**EXERCISE GOAL**.
Return, with both end lines included, exactly what the data below holds from the line with "TERÇO NOSSA SENHORA" through the line with "Fioriera da Giardino", though not the pictures.

**DATA PROVIDED**.
[Start of Attachment]

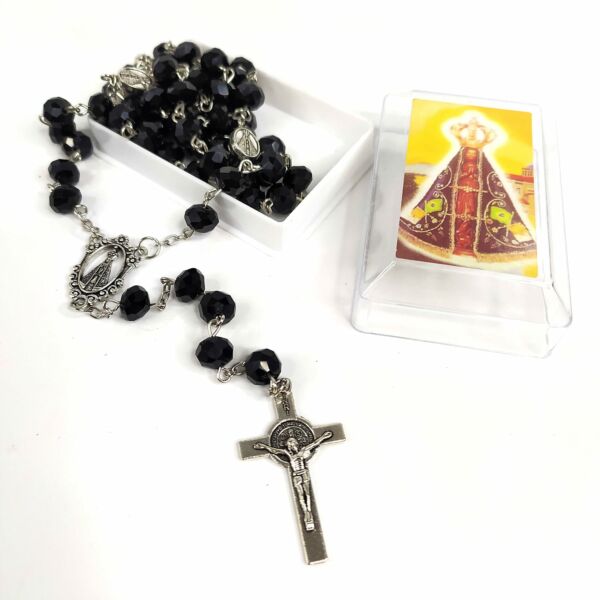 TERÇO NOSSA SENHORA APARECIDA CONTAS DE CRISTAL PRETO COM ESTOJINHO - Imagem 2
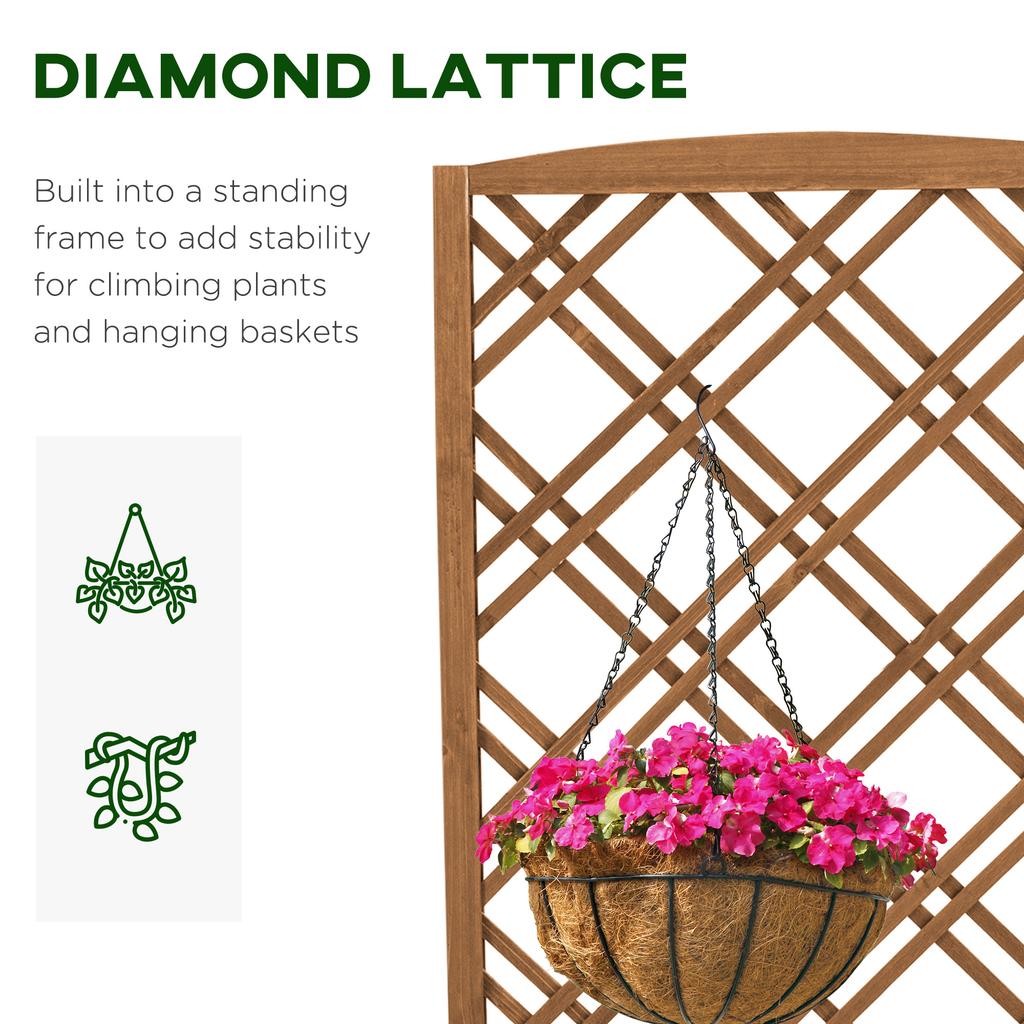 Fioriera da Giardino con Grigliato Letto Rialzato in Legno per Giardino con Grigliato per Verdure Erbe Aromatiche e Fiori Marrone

[End of Attachment]
[Start of Attachment]

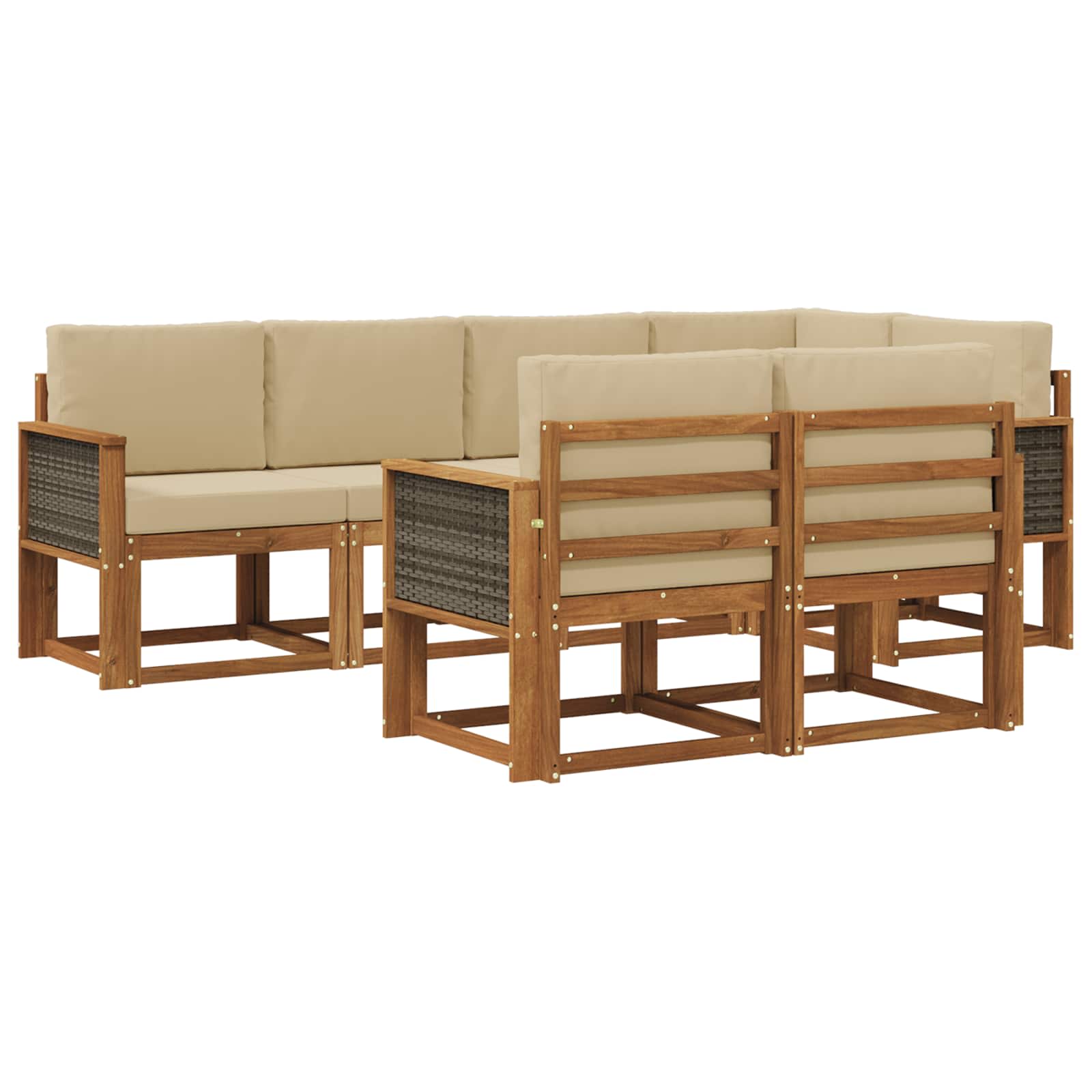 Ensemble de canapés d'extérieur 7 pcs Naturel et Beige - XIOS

[End of Attachment]

**ANSWER SECTION**.
 TERÇO NOSSA SENHORA APARECIDA CONTAS DE CRISTAL PRETO COM ESTOJINHO - Imagem 2
 Fioriera da Giardino con Grigliato Letto Rialzato in Legno per Giardino con Grigliato per Verdure Erbe Aromatiche e Fiori Marrone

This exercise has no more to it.